Didn't you ever wish your
computer understood you?

## Power Supply Riddle

### Problem

In a hall, two rows of 5 10W 12V lamps are connected in parallel over a distance of 10m, powered by two different 12V power supplies. The setup is like below. The one is a big good old transformer that outputs 12VAC at 50Hz. The other is a switching mode power supply with a switching frequency of 100KHz.

The string of lamps powered by the transformer have an equal brightness, while the string powered by the switching mode power supply diminishes, with the 5th lamp only glowing dimly.

What is going on here? Answers below, but think about it for a minute.

### Investigation

The first thing I did when I saw these lamps is connect an oscilloscope to the output of the supplies.

The transformer outputs a 50HZ 12VAC sine wave as expected. The other supply appears to be a switching supply. It outputs a 100KHz square wave with some high-frequency ringing. If you zoom out, it has a 50Hz envelope. ### Solution

Since the only difference between the two setups is the frequency, the resistance of the wires is apparently negligible and the only thing that could have influence is the inductance of the wire.

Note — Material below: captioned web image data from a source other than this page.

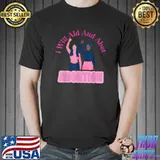 I Will Aid And Abet Abortion T-Shirt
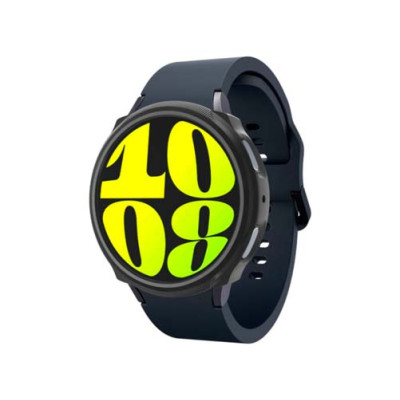 Чехол SPIGEN LIQUID AIR для SAMSUNG GALAXY WATCH 7 (40 MM) MATTE BLACK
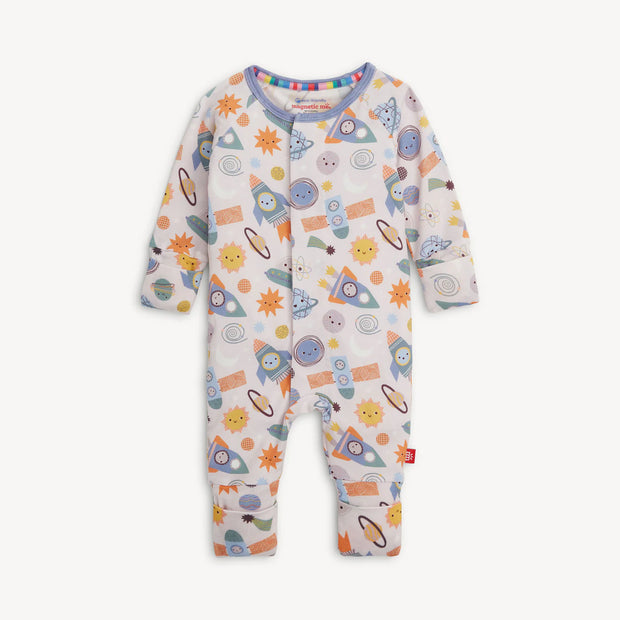 Let's Rocket Coverall
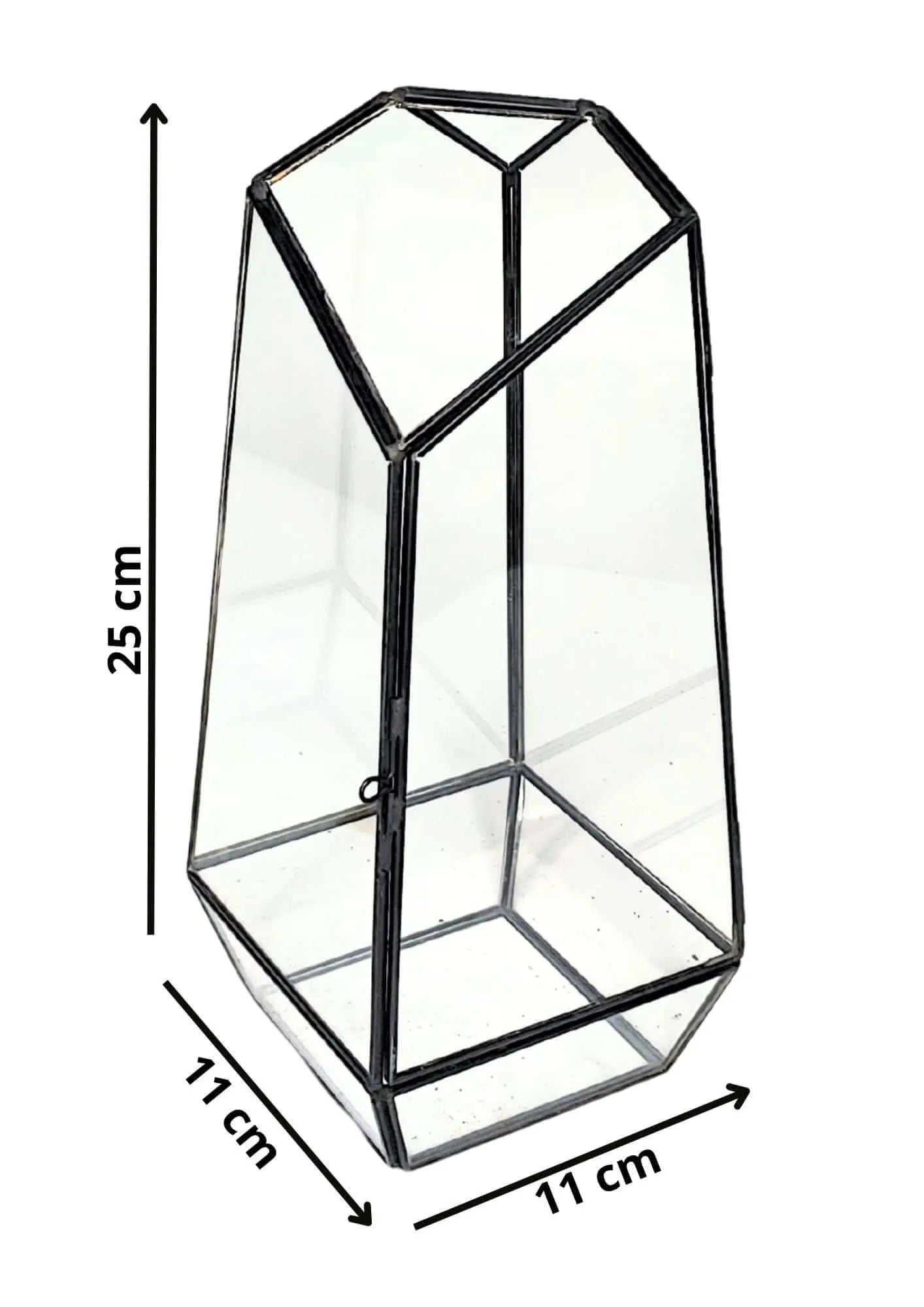 Terrarium geometrico Oasi di Luce 2TR068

Using an online calculator, I found that the inductance of 4m (10m back and forth divided by 5) copper wire is 3μH, and the resistance of the lamps follows from their rated voltage and wattage.

\begin{aligned} W&=VI=\frac{V^2}{R}\\ R&=\frac{V^2}{W}=14.4\Omega \end{aligned}

So a more accurate representation of the situation is below. From this the AC voltage for any of the lamps can be calculated. For a single lamp at the end of a 10m wire, it would mean

\begin{aligned} V_{n1}(j\omega)&=\frac{V_{in}R_1}{j\omega L_5+R_1}\\ V_{n1}(j\cdot 2\pi 100000)&=\frac{12\cdot 14}{j\cdot 628318 \cdot 30\cdot 10^{-6}+14}\\ V_{n1}(j\cdot 628318)&=\frac{168}{j\cdot 18+14}\\ \left|V_{n1}(j\cdot 628318)\right|&=\frac{168}{\sqrt{18^2+14^2}}=7V\\ \end{aligned}

For all 5 lamps it gets a bit hairy.

\begin{aligned} V_{n1}(j\omega)&=V_{n2}(j\omega)\frac{R_1}{j\omega L_5+R_1}\\ V_{n2}(j\omega)&=V_{n3}(j\omega)\frac{R_2//(R_1+j\omega L_5)}{R_2//(R_1+j\omega L_5)+j\omega L_4}\\ V_{n3}(j\omega)&=V_{n4}\frac{\ldots}{\ldots+j\omega L_3}\\ V_{n4}(j\omega)&=V_{n5}\frac{\ldots}{\ldots+j\omega L_2}\\ V_{n5}(j\omega)&=12V \end{aligned}

But simulation gives the following result, only 4V on the lamp at the end.